Wie der niederländische Ministerpräsident Rutte ein Deutscher wurde

Mark Rutte trägt seine Opposition gegen die Merkel-Macron-Schulz-EU nach Berlin. Einen Verbündeten hat er in Wien.

© Remko de Waal/AFP/Getty Images

Ministerpräsident Mark Rutte (VVD) wird seine Ideen zur Europäischen Union (EU) in einer Rede in Berlin am Freitag, dem 2. März vorstellen. Der Ort ist nicht zufällig. Die EU ist zu einem großen deutschen Imperium geworden, wie der britische Ex-Botschafter in Berlin Paul Lever in seinem Buch Berlin Rules schreibt. Rutte sollte daher in Deutschland besonders dann kampieren, wenn er deutsche EU-Wildpläne sabotieren will.

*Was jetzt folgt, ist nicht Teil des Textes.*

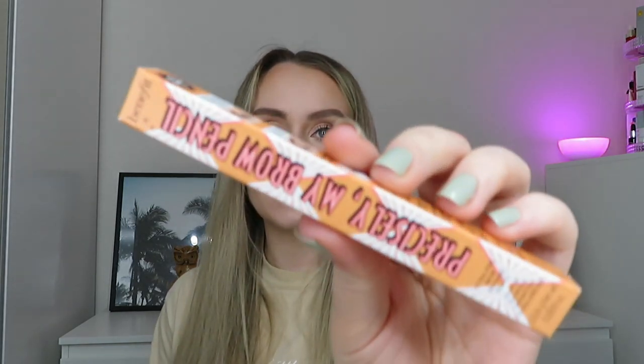The next product was bigger than I expected — I was quite surprised when I opened it. This is from Benefit: the Precisely My Brow Pencil, ultra fine brow defining pencil. They put a few Benefit products at the top of the selection — there was a brow setter and another brow product, but I've already got those. The colours available were shade 2, a blonde, or shade 4, warm deep brown. I went for the four thinking if I use it really lightly it might work. It is a miniature but it looks full size — it's 0.026g versus the full size's 0.04g.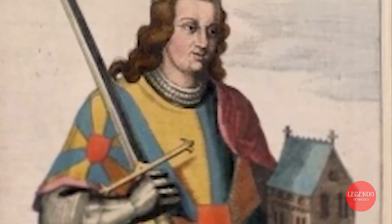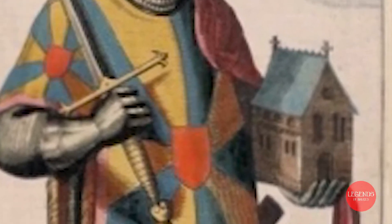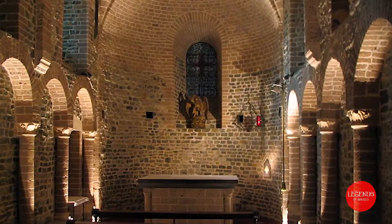Next to the City Hall we have the Basilica of the Holy Blood, originally built as a double chapel by Thierry of Alsace, Count of Flanders, between 1139 and 1149. The bottom one, devoted to Saint Basilius — of whom they had several little bones they venerated — is purely Romanesque and the best kept example of its kind in West Flanders.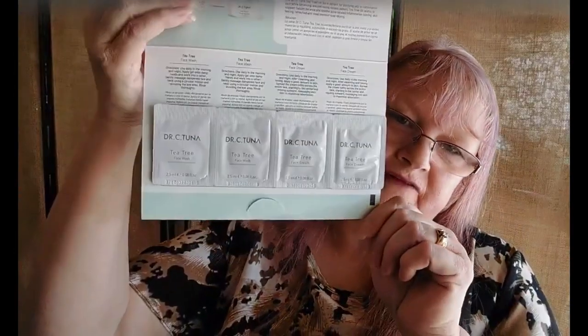The tea tree series is for excess oil control and prevention, which includes a tea tree face wash and face cream — two of each.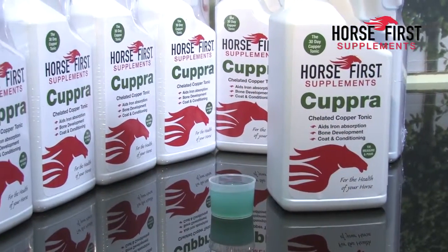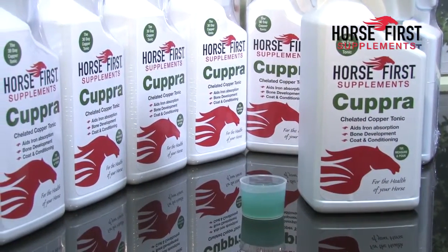Paddy Hughes here from Horse First. Today we are going to talk about our liquid copper product Cupra. Copper deficiency in horses, in my opinion, is one of our biggest problems in the market today.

Wie Bundeskanzlerin Angela Merkel die EU sieht, erklärt sie in Reden in Berlin. Der französische Präsident Emmanuel Macron macht das in Paris. Und der niederländische Premierminister Mark Rutte? Das tut er nun auch in Berlin, bei der Bertelsmann Stiftung.

Das Niederländische Parlament ist besorgt, dass Rutte es nicht konsultiert hat. Die Sorgen sind verständlich. Das Repräsentantenhaus ist in einer parlamentarischen Demokratie der geeignete Ort, um der Regierung den Rahmen zu geben. Es gibt nur ein Problem: Das Repräsentantenhaus spielt in der Europäischen Union keine Rolle. Die deutsche Öffentlichkeit und das Establishment umso mehr.

Machtloses Repräsentantenhaus

Dies wurde während der Diskussion im Jahr 2015 zwischen Finanzminister Wolfgang Schäuble (CDU) und Bundeskanzlerin Angela Merkel (CDU) über Griechenland deutlich. Schäuble wollte Griechenland ohne Euro. Merkel entschied anders und Griechenland wurde ein drittes Mal gerettet. Der italienisch-britische Professor Guglielmo Verdirame von der London School of Economics sagte in Elsevier Weekblad: „Ein deutscher Bundeskanzler und ein deutscher Minister diskutieren und entscheiden über die Zukunft eines anderen Landes.“

Das ist die Realität. Berlin entscheidet. Nicht nur für Griechenland. Rutte hatte nicht den Mut, seine Versprechen zu halten, schluckte ein drittes Hilfspaket, das rituell wütende Parlament folgte ihm knurrend. Als ob das Heilige Römische Reich zurück wäre. Mark Rutte zeigte sich als lokaler Feudalherr eines deutschen EU-Imperiums.

Berlin Rules

In Berlin Rules (2017) skizziert der britische Ex-Botschafter Paul Lever, wie dieses neue deutsche Reich unter dem Namen EU entstand und was das bedeutet. Er hat genau gesehen in seiner Zeit in Berlin und Brüssel, wie die Deutschen nach der Wiedervereinigung von 1990 allmählich in der EU an Macht gewannen. Wie sieht Deutschland die EU? Lever schreibt: „Klar ist, dass die deutsche Führung in der EU grundsätzlich auf der Verteidigung nationaler deutscher Interessen beruht. Deutschland nutzt seine Macht, um die deutsche Wirtschaft zu schützen und sicherzustellen, dass sie in der Welt eine einflussreiche Rolle spielen kann. Darüber hinaus gibt es keine Vision oder Ziel.

Laut Lever werden die Deutschen niemals mehr Geldtransfers von Reich zu Arm zulassen und Deutschland wird niemals die Kontrolle über seine Finanzen abgeben, wie es Frankreich will. „Die deutsche EU ist ein kalter Ort, vor allem für ärmere Länder, aber sie können nirgendwo anders hin.“ Die Franzosen werden auch in Levers Augen enttäuscht sein, aber auch sie können nirgendwohin anders hin.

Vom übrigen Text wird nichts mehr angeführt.